= Beginning of Section =

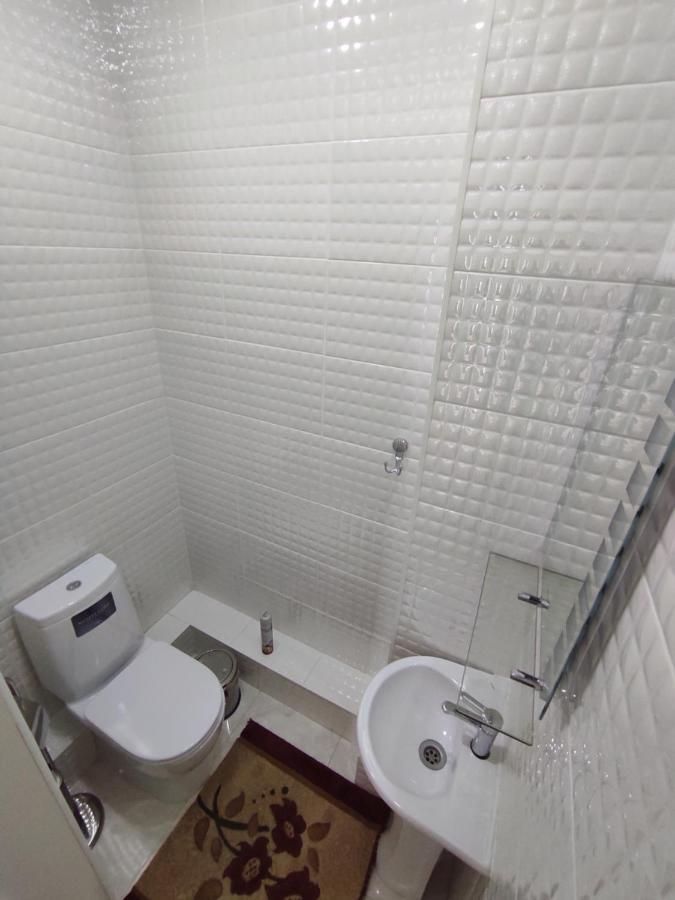Prestigious Apartment In Biszkek Zewnętrze zdjęcie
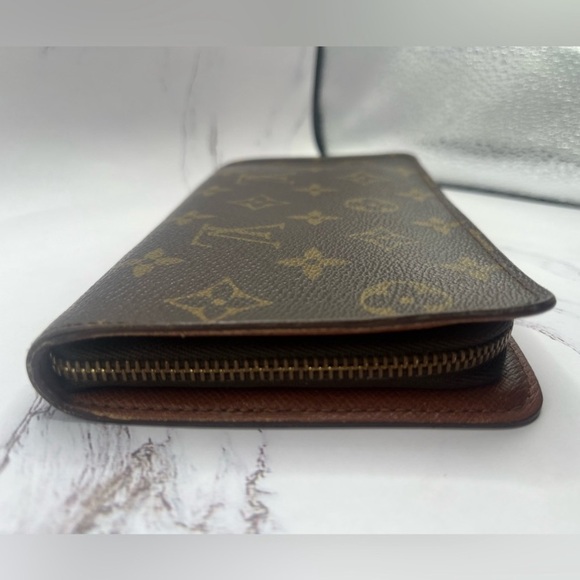 🔥🔥LOUIS VUITTON Zippy Long Wallet Portomone
Vintage Monogram LV - Picture 4 of 16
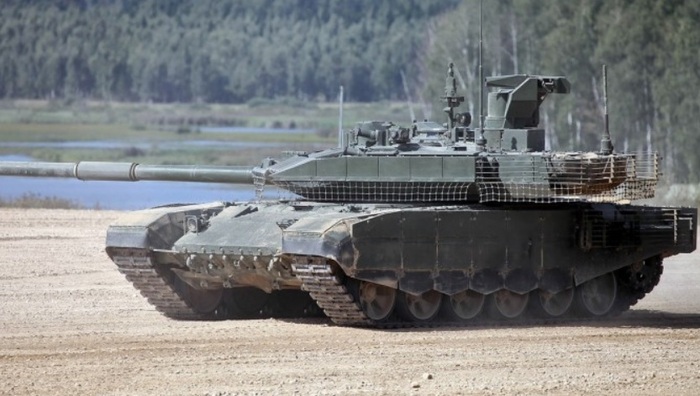 Танк Т-90 снабжен усовершенствованной пушкой/ Фото: zavtra.ru Танк Т-90 снабжен усовершенствованной пушкой/ Фото: zavtra.ru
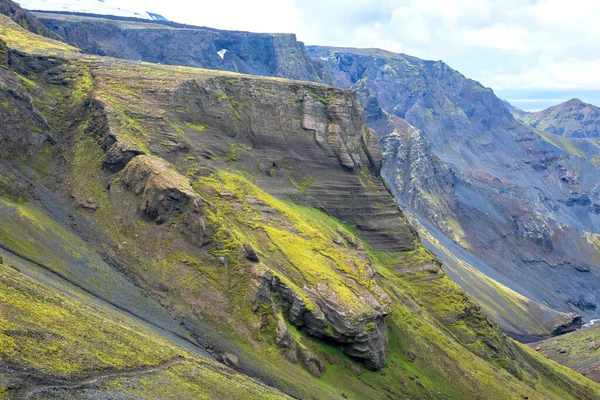 Contrasting Weather Mountainous Landscape Iceland — Zdjęcie stockowe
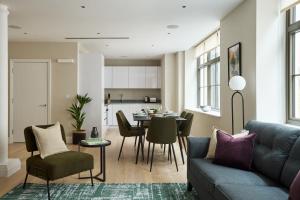 sala de estar con sofá y comedor en Chancery Lane by Viridian Apartments, en Londres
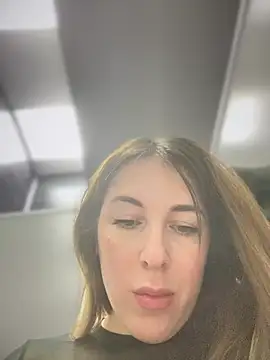 Snapshot of MommmyYummy chatting on 03-20-25, 03:25 MommmyYummy online show from 03-20-25, 03:25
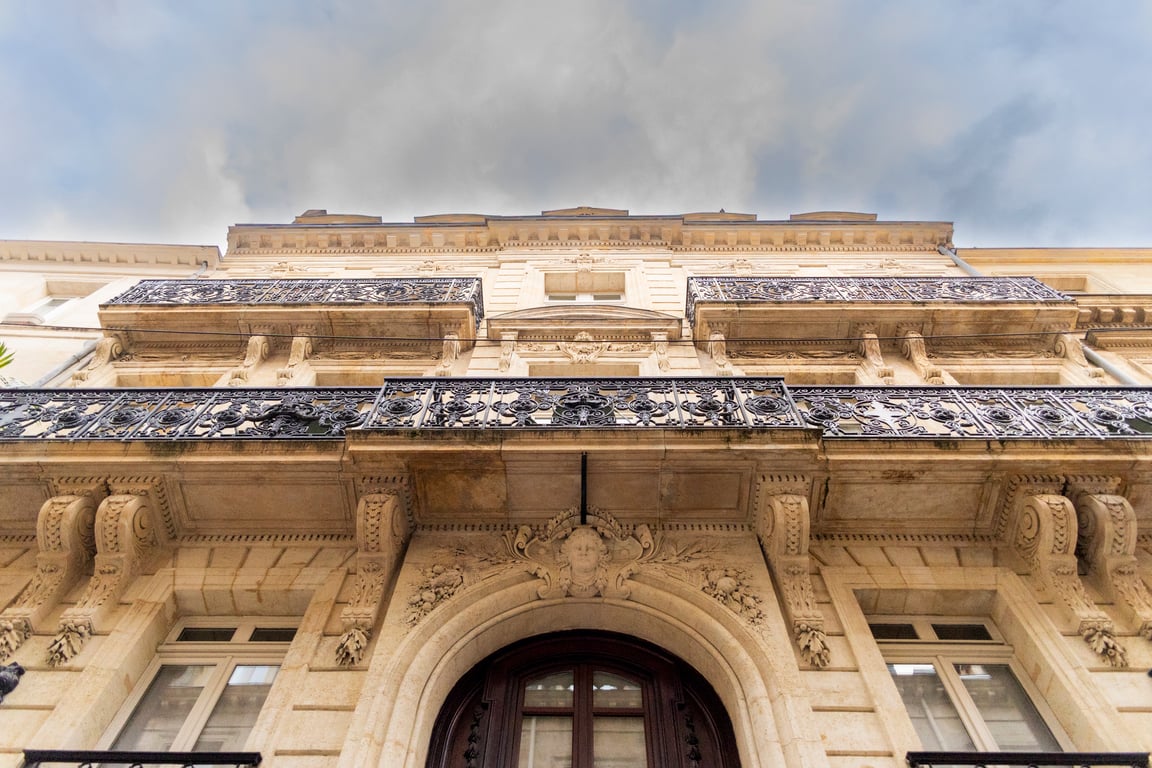 Grand Hôtel Français, Bordeaux: stone façade seen from below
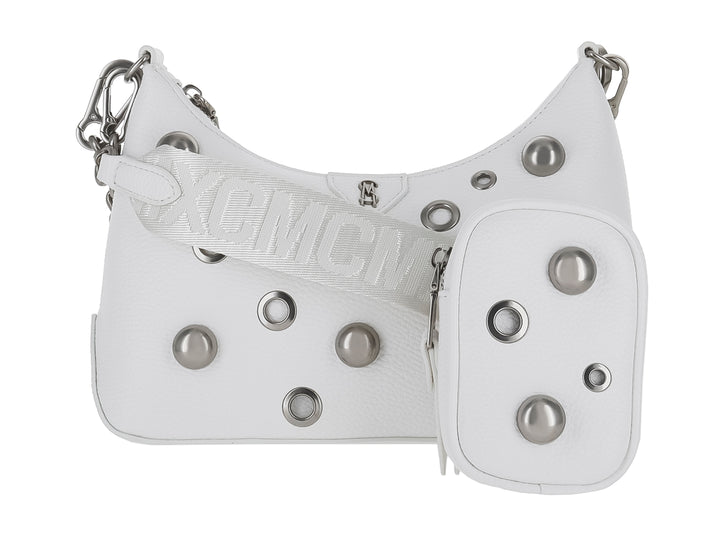 Bolso de hombro blanco Steve Madden con estoperoles plateados, correa ancha y un pequeño bolso adjunto.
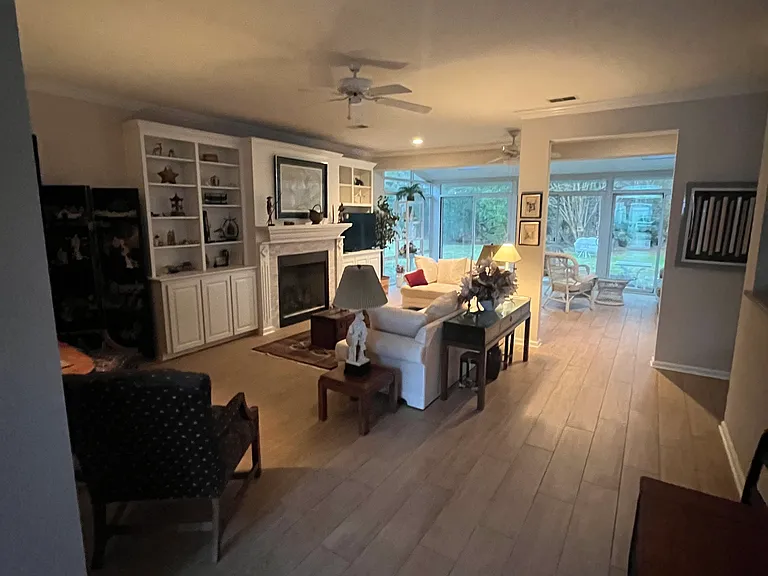 93 Coburn Dr W — Photo 5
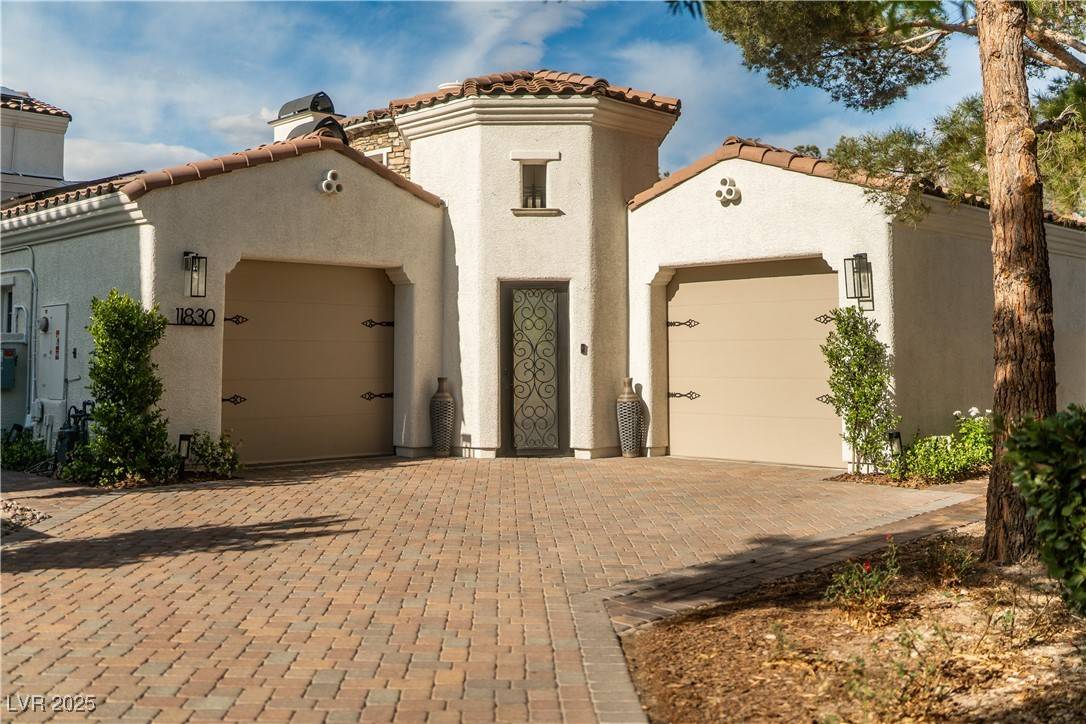 11830 KINGSBARNS CT, Las Vegas, NV 89141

= End of Section =

> ASSIGNMENT
Give back exactly the lines from the top of the records to the line containing "Фото: zavtra.ru Танк", both included, and no pictures.

> WRITTEN RESPONSE
Prestigious Apartment In Biszkek Zewnętrze zdjęcie
 🔥🔥LOUIS VUITTON Zippy Long Wallet Portomone
Vintage Monogram LV - Picture 4 of 16
 Танк Т-90 снабжен усовершенствованной пушкой/ Фото: zavtra.ru Танк Т-90 снабжен усовершенствованной пушкой/ Фото: zavtra.ru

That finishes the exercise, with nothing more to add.